Please notice that the instances are in a running state initially, before
the injection of the chaos. Now that we have our instances ready, we can
set up our experiment. Before scheduling the chaos experiment, we need to
make the GCP Service Account credentials available to Litmus, so that the
instances can be shut down and later started as part of the experiment. To
do that, we’d make a Kubernetes secret named secret.yaml
as follows:
apiVersion: v1 kind: Secret metadata: name: cloud-secret type: Opaque stringData: type: "service_account" project_id: "litmus-gcp-instance-delete" private_key_id: "9e0jacc5e0abb74f3426df51c0ca5065904c6beb" private_key: -----BEGIN PRIVATE KEY-----\nMIIEvgIBADANBgkqhkiG9w0BAQEJAASCBKgwggSkAgEAAoIBAQD1JSTjKKN5CCGF\nUsWnaCHfFOReX6wDT+toYz065z5t4cYq3wb/RUGJz4q6n0Z> client_email: "experiment-demo@litmus-gcp-instance-delete.iam.gserviceaccount.com" client_id: "123476663820197864518297" auth_uri: "https://accounts.google.com/o/oauth2/auth" token_uri: "https://oauth2.googleapis.com/token" auth_provider_x509_cert_url: "https://www.googleapis.com/oauth2/v1/certs" client_x509_cert_url: "https://www.googleapis.com/robot/v1/metadata/x509/experiment-demo%40litmus-gcp-instance-delete.iam.gserviceaccount.com"

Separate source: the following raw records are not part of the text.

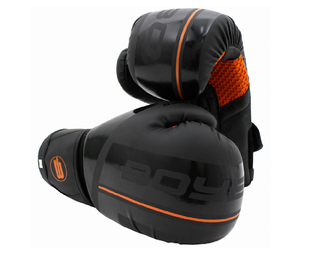 Перчатки бокс. BoyBo B-Series BBG400, Флекс, оранжевый, вес 8-14 унций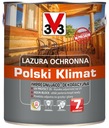 Ochranné zasklenie Polski Klimat 5l teak V33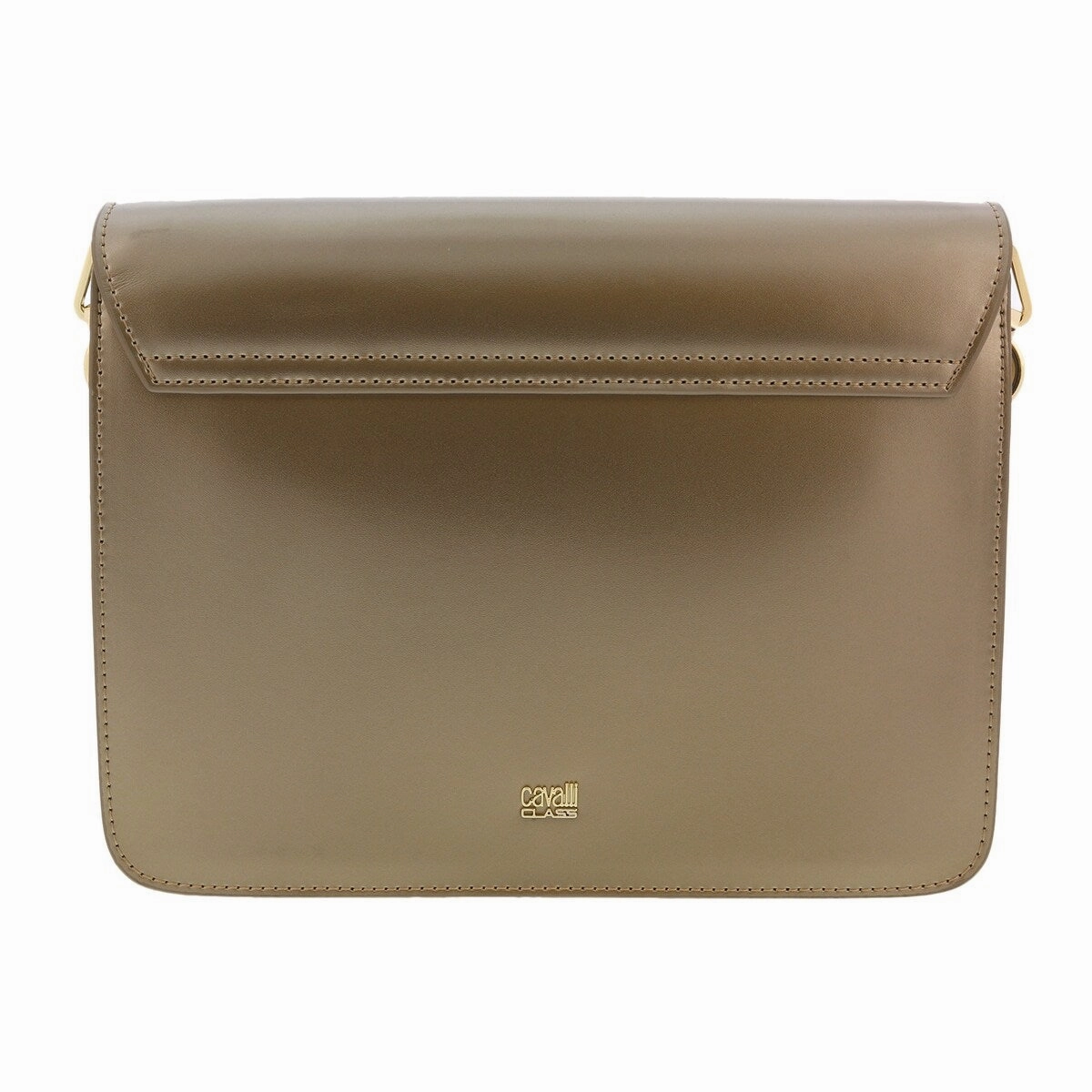 Roberto Cavalli HXLPGX 102 Bronze Studded Large Shoulder Bag for womens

The format of this secret is also available in the experiment docs. Make
sure the name of the secret is cloud-secret
and replace the respective
fields of the secret with your own service account credentials. Once done,
apply the secret in the litmus
namespace using the command:
kubectl apply -f secret.yaml -n litmus
Once the secret is applied, we’re all set to schedule our experiment from the Litmus portal. In Dashboard, click on the Schedule a Workflow button. In the workflow creation page, choose the self-agent and click Next.
In the Choose a Workflow page, select “Create a new workflow using the experiments from MyHub” and select Chaos Hub in the dropdown. Then click Next.
In the Workflow Settings page, fill in the workflow name and description of your choice. Click Next.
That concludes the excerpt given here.